To summarize, PPF account matures 15 years from the end of the financial year in which the PPF account was opened.
With that clear, let’s move on.
Once the PPF account matures after 15 years, what options do you have?
At maturity, there are three options for you:
- Close PPF Account after 15 years and withdrawal the entire PPF account balance
- Extend PPF Account for 5 more years without any additional contributions
- Extend PPF Account for 5 more years with additional contributions
Let’s see these in detail one by one:
1) Close PPF Account on maturity after 15 years
This is the most common thing people do. After the 15 years PPF lock-in period is over, your PPF account matures. So you can close it and withdraw the entire PPF corpus (entire contribution made towards the account along with the interest that has been generated) tax-free.
Note – It is said you should never take financial advice from banks. It is applicable in case of PPF too as there have been cases where bankers only inform (or misinform) PPF account holders wrongly that this is the only option they can avail – to close the PPF account after 15 years. But in reality, there are two more options as discussed below.
2) Extend PPF account for 5 years without further contributions
You have the option to extend your PPF account after maturity in 15th year by another block of 5 years, without making any additional contribution in those extended 5 years.

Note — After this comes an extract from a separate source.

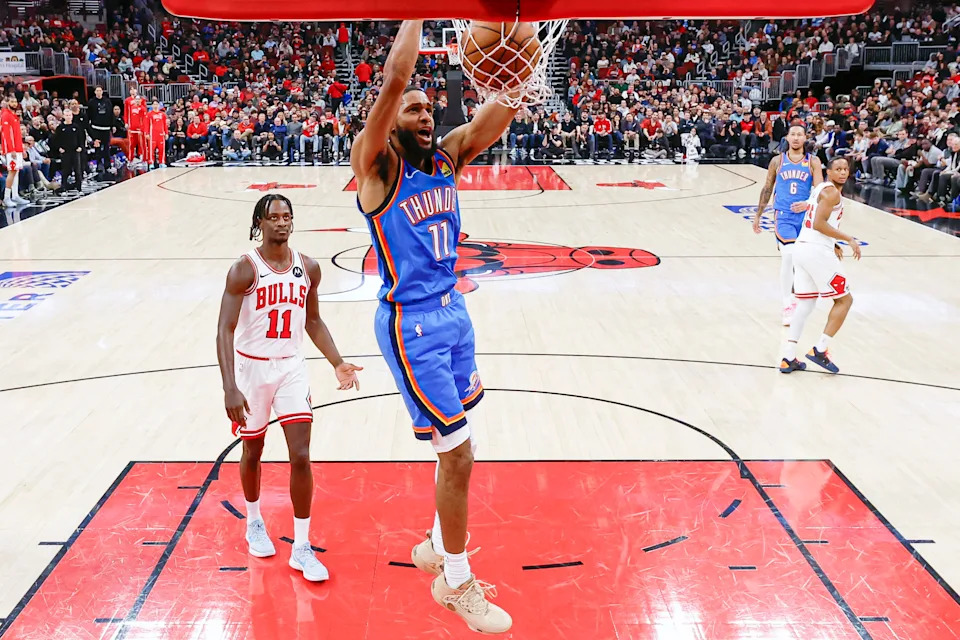 Mar 3, 2026; Chicago, Illinois, USA; Oklahoma City Thunder guard Isaiah Joe (11) dunks the ball against the Chicago Bulls during the second half at United Center. Mandatory Credit: Kamil Krzaczynski-Imagn Images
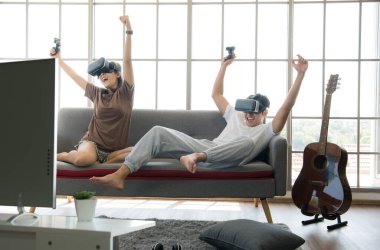 Genç mutlu Asyalı çift dairelerinde sanal gerçeklik gözlüğü takıp video oyunu oynuyorlar.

And this is the default option for PPF accounts if you neither close it specifically nor extend it with contributions.
You are allowed to extend your PPF accounts by 5 years any number of times (assuming you live that long). There is no limit to the number of 5-year extensions of PPF account and you continue to earn interest on the PPF account balance available every year.
What about withdrawals from these extended PPF accounts (without contributions)?
You can withdraw the full amount that was available at the time of maturity (or beginning of extension period). But in a financial year, you can make only one withdrawal.
3) Extend PPF account for 5 years with contribution
Under this PPF extension option, you can extend the PPF account with contributions. By extending, you are allowed to make contributions and the interest will continue to be generated on the fresh contributions (+ existing PPF corpus) made towards the account as well.
But it must be noted that you need to submit the application before the completion of 1 year from the date of maturity. If you don’t submit the application (and neither close the account), then the second option of PPF extension without contribution will be activated automatically.
Now you may ask whether you can make withdrawals from PPF account after extension with contributions?
There are limits but you can do it.
Once the PPF account is extended (with contributions), you can only withdraw up to 60% of the balance that was accumulated at the time of extending the PPF account (at the beginning of each extended block of 5 years). Also, you can make only one withdrawal in a financial year.
So let’s say you accumulate Rs 1 crore in PPF, and you take the PPF extension for 5 more years with contribution, then you can only withdraw 60% of the balance at the beginning of the extension period, that is 60% of Rs 1 crore – only up to Rs 60 lac can be withdrawn either in a single withdrawal or in installments in each of the 5 years.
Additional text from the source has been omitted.